The 5th President's Favorite Food Was A Souffle-Like Bread Dish
We know a lot about the presidents, and that includes their favorite foods. (For example, did you know that William Howard Taft was a big turtle soup fan?) One dish that the nation's fifth president, James Monroe, loved was spoonbread. Monroe, who served from 1817 to 1825, was from Virginia, where the first published recipe for this souffle-like cornbread appeared. It was hugely popular during his lifetime, particularly in the South, and became a traditional Southern staple.
Spoonbread is a custardy type of cornbread that's so soft it can be scooped with a spoon. A side dish or eaten on its own with butter, savory ingredients like scallions, greens, corn, or cheese, and sweet ones like fruit, honey, or maple syrup can also be mixed in. Although still beloved by many Southerners, spoonbread isn't as common as it once was and is hard to find on restaurant menus.

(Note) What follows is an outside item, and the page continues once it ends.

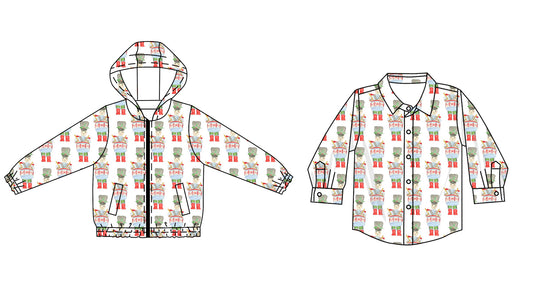 25.5.20 custom each style moq 5eta 4-6week Sibling Sisters Christmas baby girl long sleeve top 1 and top 2 match family design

While spoonbread has the same main cornbread ingredients — cornmeal, eggs, butter, and milk – with added sugar, baking powder, and sometimes flour, the way it's prepared gives it a lighter, creamier texture. Hot water is mixed with the cornmeal before the other ingredients are added. In some recipes, it's just stirred in, while in others, the mixture is cooked. Some recipes make an even airier, puffier bread by separating the eggs and folding in the beaten whites before baking. When done, the batter is put into a baking dish or cast iron skillet and baked.
Where did spoonbread come from?
The 1824 cookbook "The Virginia Housewife" contains the first published spoonbread recipe. Some historians theorize that the recipe for what author Mary Randolph called "Batter Bread" may have come from James Hemings, an enslaved man who was the top chef at Thomas Jefferson's Monticello estate in Charlottesville, Virginia. The future president had brought Hemings with him when he was sent to France as the U.S. ambassador, and there, Hemings learned French cooking techniques that he incorporated into his food. Evidence for Randolph's recipe being from Hemings comes from it using small ramekins like French soufflé.
Randolph's recipe used more flour than cornmeal. However, Sarah Rutledge's 1847 cookbook, "The Carolina Housewife," has the first recipe that was more like the spoonbread that became the popular standard. She called it "Owendaw Bread," named after Awendaw, a South Carolina Sewee tribe village. (Historians assert that spoonbread's Indigenous roots go back to a corn-based Native American porridge.) Nevertheless, the word "spoon" doesn't appear in a recipe for the dish until 1904's "The Blue Grass Cookbook," which showed how to make "Spoon Corn Bread."